Variation of dynamic magnification factor Dd of (2-1-2) beam with power-law index n for L/h = 20 and rm = 0.5.

Fig. 5.
figure 5

Variation of dynamic magnification factor Dd of (2-1-2) beam with moving mass speed v for L/h = 20 and rm = 0.5.

Fig. 6.
figure 6

Thickness distribution of normal stress of FGSW beam for L/h = 20, rm = 0.5 and v = 50 m/s.

Fig. 7.
figure 7

Thickness distribution of shear stress of FGSW beam for L/h = 20, rm = 0.5 and v = 50 m/s.

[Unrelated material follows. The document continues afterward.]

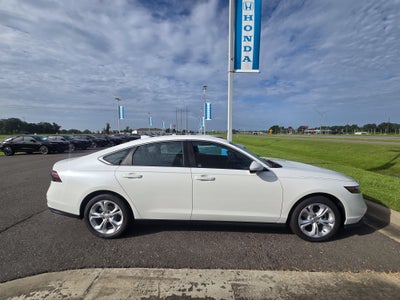 2026 Honda Accord Sedan LX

Figures 6 and 7 depict the thickness distribution of the normal and shear stresses of the symmetric (1-1-1) and non-symmetric (2-2-1) beams for L/h = 20, rm = 0.5, and v = 50 m/s, respectively. The stresses are are computed at the time when the moving mass arrives at the mid-span. The increase of the power-index n leads to the increase of the maximum tensile and compressive normal stresses of the symmetric beam (Fig. 6). Some difference between the stresses of symmetric and non-symmetric beams can be seen from the figures. The shear stress of both the symmetric and non-symmetric beams increases by the increase of the power-index (n) as seen from Fig. 7.

5 Conclusions

The dynamic analysis of a FGSW beam has been carried out in the basis of the refined third-order shear deformabale finite element formulation. The beam consists of three layers, a homogeneous core and two functionally graded skin layers with material properties varying in the thickness direction by a power gradation law. Both the Voigt and Mori-Tanaka micromechanical models are employed to evaluate the effective properties. The effect of material gradation, the moving mass speed, the beam layer thickness ratio on the dynamic displacements and the stresses of the beam are discussed in detail. The results show that the above-mentioned effects play a very important role on the dynamic responses of the beam and it is believed that new results presented for dynamics of FGSW beams under moving loads are of interest to the scientific and engineering community in the area of FGM structures.